Is there a way to see the actual file names that were the inputs for the various steps shown in the provenance chain when visualizing a .qza or .qzv object?

For example, I have a file taxa-bar-plots.qzv and I would like to make sure that the input files were all prefixed with 300bp as I also created files with 400bp prefixes to see the influence of --p-trim-length on the deblur output before moving onto downstream steps.

The provenance chain just lists the steps but not the input files as far as I can tell.

Thanks!
jamie

thermokarst · January 4, 2018, 3:25pm

Hi @jpetteng!

The filename isn't recorded as part of provenance --- I will ask @ebolyen to provide some detail as to why, but as I understand it, it boils down to the fact that filenames are mutable, while something like the artifact's UUID aren't. @ebolyen, is there a technical limitation/hurdle here, too?
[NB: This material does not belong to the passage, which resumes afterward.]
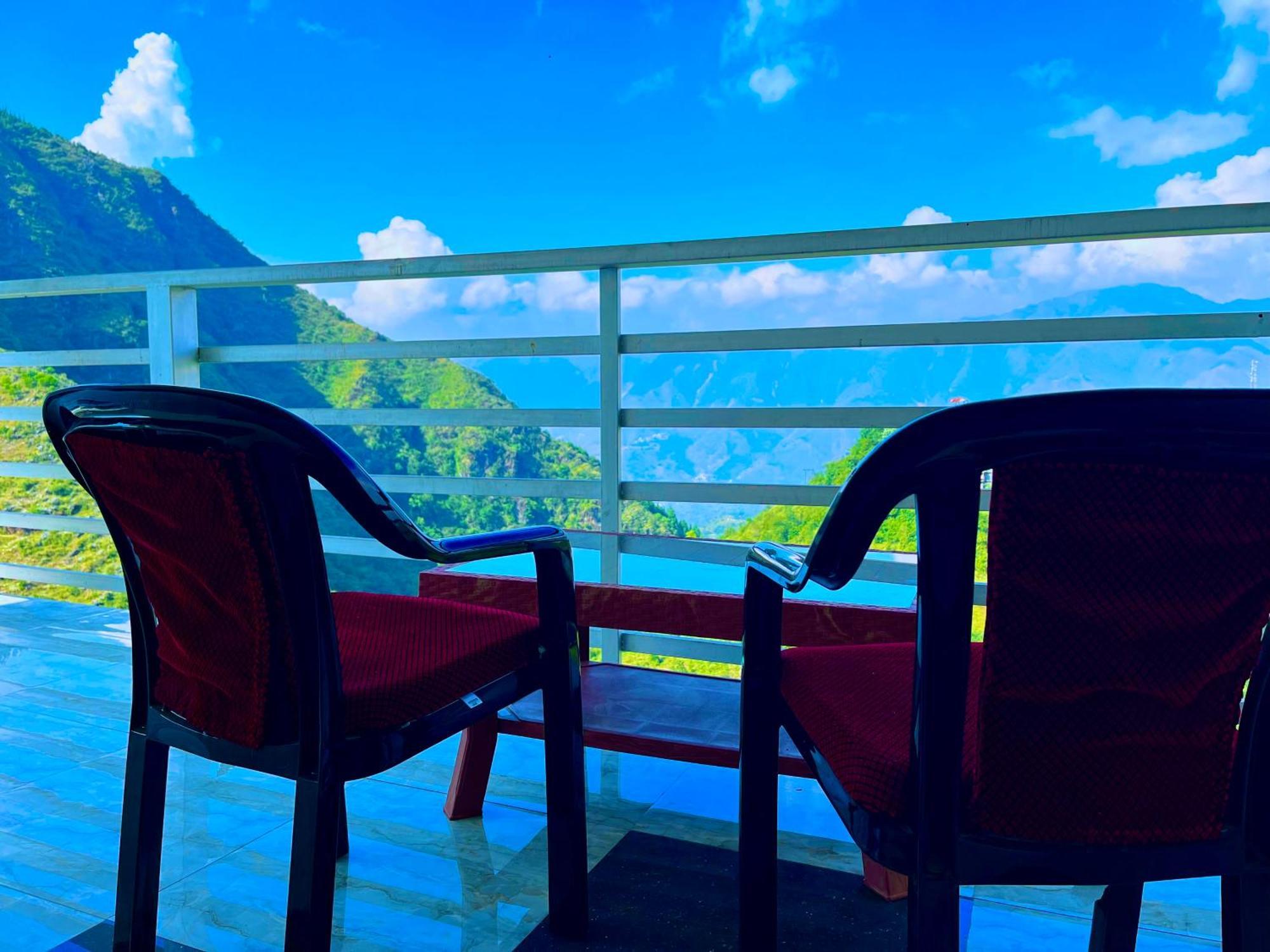 Sitara Hotel & Resort In The Lap Of Nature, 무소리에 외부 사진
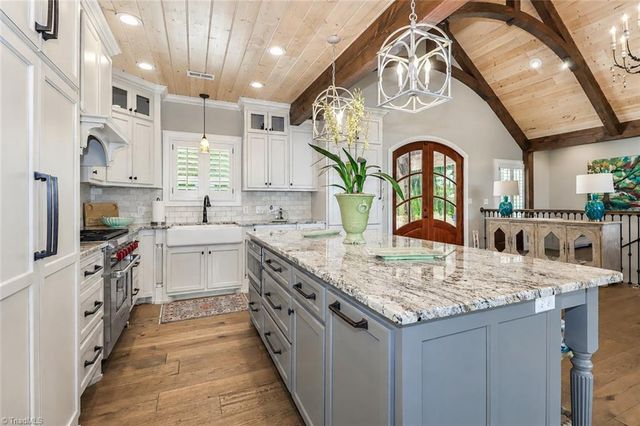 777 Green Hill Road, Blowing Rock, NC 28605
Here is a simple python script to demonstrate how to get a mapping of Artifact UUIDs to filenames:

import qiime2
import pathlib

artifacts = pathlib.Path('.').glob('**/*.qz*')
artifact_map = {qiime2.Artifact.peek(str(a)).uuid: str(a) for a in artifacts}
print(artifact_map)

{'00d4b3d4-a036-4d99-8a3d-25866fe519dd': 'beta-rarefaction.qzv',
 '158f42e6-0576-4ba6-9b7b-7ebf572a0b5b': 'alpha-rare-without-spaces.qzv',
 '2ecc209a-1e9f-4e2f-a417-c0e01c313170': 'table.qza',
 '45158415-22ed-4601-9373-f461042311f6': 'alpha-rare-with-spaces.qzv'}

That still requires a bit of manual work, although, to identify which file is which. We still have plenty of plans in the provenance (and citation) departments, so stay tuned!

system · February 4, 2018, 9:39pm

This topic was automatically closed 31 days after the last reply. New replies are no longer allowed.